De ophef over het toekennen en vervolgens intrekken van de subsidie voor de (reformatorische) stichting Hart van Homo’s vorig jaar zomer was veelzeggend. De minister boog voor politiek correcte intimidatie vanuit het parlement.
Er is absolute intolerantie ten opzichte van afwijkende gedachten over zienswijzen die door een dwingende meerderheid blijkbaar tot verplichte politieke correctheid zijn verheven.
Zelfs in de kerk ervaar je die druk. Onlangs zei ik in een preek dat in ethische kwesties zoals ongehuwd samenwonen en homoseksuele relaties Gods Woord het hoogste gezag moet hebben en niet de heersende cultuur, zonder daar overigens verder inhoudelijk iets over te zeggen. Iemand had daar na afloop forse kritiek op: ik had negatief over homoseksuele relaties gesproken. Slechts het onderwerp noemen is blijkbaar taboe. Ook in onze kringen werkt de dwang tot politieke correctheid door.

Islamofobie
Soortgelijke manipulatie en intimidatie kenmerken ook het huidige politieke debat. Geert Wilders wordt populisme verweten en terecht: hij speelt in op onzekerheid en onderbuikgevoelens die bij een groot deel van de bevolking leven. De politieke elite verwijt hem anti-pluralistisch te zijn gezien zijn strijd tegen de islam. Maar in feite is de reactie van die elite net zo manipulerend. Hun beschuldiging van anti-pluralisme is selectief. Partijen als D66 doen er alles aan om het christendom in onze maatschappij buiten spel te zetten. De felle kritiek op Wilders lijkt vooral te fungeren als camouflage voor hun eigen falen en onmacht om iets aan de mislukte integratie te doen. En mensen die vraagtekens zetten bij de ‘goede bedoelingen’ van de islam, worden door de progressieve elite reflexmatig voor ‘islamofoob’ uitgemaakt.
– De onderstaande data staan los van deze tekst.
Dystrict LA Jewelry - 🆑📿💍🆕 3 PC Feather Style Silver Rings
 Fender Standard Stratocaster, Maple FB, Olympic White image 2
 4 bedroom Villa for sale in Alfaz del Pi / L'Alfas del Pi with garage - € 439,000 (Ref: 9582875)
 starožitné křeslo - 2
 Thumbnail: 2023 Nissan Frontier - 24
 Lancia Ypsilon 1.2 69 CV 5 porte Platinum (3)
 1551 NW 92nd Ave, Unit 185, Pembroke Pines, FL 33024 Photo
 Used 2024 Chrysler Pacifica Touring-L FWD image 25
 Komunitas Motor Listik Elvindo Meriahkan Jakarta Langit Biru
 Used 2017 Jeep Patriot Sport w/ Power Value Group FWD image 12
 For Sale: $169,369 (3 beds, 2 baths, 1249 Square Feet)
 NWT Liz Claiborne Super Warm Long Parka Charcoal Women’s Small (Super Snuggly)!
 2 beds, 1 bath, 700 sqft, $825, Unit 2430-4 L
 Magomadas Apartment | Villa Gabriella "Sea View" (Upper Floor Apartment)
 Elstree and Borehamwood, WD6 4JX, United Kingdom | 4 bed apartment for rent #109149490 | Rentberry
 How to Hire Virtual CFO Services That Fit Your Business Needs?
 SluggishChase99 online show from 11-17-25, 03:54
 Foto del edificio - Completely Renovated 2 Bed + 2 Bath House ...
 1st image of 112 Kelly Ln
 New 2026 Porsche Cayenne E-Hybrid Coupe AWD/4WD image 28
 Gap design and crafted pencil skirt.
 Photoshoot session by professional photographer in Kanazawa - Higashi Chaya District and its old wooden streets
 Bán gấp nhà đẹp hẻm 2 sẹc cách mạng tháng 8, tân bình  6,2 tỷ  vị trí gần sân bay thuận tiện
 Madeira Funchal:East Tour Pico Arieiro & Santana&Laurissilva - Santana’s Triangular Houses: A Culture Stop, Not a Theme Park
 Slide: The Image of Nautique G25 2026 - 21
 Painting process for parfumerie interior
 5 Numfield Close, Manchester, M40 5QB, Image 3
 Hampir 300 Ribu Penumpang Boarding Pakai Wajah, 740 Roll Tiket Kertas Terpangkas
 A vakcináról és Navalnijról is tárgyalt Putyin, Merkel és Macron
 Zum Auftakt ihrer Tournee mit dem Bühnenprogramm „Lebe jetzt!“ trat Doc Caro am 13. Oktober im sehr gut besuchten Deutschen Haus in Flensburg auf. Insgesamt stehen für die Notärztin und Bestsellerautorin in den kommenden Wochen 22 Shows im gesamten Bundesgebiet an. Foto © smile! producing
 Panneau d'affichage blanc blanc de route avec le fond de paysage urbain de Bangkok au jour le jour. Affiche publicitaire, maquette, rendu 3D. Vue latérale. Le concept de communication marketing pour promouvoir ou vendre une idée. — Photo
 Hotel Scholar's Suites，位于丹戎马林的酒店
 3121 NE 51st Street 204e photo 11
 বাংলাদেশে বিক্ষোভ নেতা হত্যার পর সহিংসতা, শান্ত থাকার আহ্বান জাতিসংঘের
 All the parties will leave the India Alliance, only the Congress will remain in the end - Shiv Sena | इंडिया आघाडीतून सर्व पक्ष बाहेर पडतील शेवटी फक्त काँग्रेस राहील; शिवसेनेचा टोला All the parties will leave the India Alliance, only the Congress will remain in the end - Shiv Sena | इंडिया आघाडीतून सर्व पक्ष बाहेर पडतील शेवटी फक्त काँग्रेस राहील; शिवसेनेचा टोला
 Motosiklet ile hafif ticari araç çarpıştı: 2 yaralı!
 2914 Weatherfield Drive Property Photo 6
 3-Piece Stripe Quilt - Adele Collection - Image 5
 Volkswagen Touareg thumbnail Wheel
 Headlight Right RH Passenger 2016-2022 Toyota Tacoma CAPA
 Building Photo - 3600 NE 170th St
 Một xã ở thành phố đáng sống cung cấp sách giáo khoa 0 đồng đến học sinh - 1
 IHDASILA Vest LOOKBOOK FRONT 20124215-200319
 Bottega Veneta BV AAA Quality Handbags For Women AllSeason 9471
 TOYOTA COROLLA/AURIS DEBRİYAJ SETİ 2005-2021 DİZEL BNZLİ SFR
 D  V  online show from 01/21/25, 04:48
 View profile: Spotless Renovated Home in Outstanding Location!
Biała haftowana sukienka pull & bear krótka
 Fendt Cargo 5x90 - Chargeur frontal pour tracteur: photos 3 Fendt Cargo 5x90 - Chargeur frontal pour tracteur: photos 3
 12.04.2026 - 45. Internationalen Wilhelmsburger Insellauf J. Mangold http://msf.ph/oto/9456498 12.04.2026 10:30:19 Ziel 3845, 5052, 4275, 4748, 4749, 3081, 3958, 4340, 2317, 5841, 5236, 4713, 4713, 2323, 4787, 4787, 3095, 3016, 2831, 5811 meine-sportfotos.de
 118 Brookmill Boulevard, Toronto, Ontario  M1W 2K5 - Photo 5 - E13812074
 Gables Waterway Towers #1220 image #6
In een interview in De Gelderlander (4-1-2017) vertelt de Berlijnse hoogleraar en socioloog Ruud Koopmans, zelf een sociaal-democraat, hoe hij door de ‘linkse’ elite in Duitsland als racistisch of zelfs fascistisch wordt neergezet, omdat hij waarschuwt dat het gevaar van de radicale islam onderschat wordt. Zijn wetenschappelijke onderzoeken worden weggehoond, niet omdat men er andere argumenten tegenover kan zetten, maar omdat men het niet wil horen. Onderzoek wijst uit dat 10 tot 20% van de moslims in de wereld bereid is geweld te accepteren. Je kunt dit niet wegzetten als ‘een klein clubje extremisten’. Deze informatie past niet in het beeld dat de progressieve partijen willen hebben van de werkelijkheid, dus sluiten ze er de ogen voor.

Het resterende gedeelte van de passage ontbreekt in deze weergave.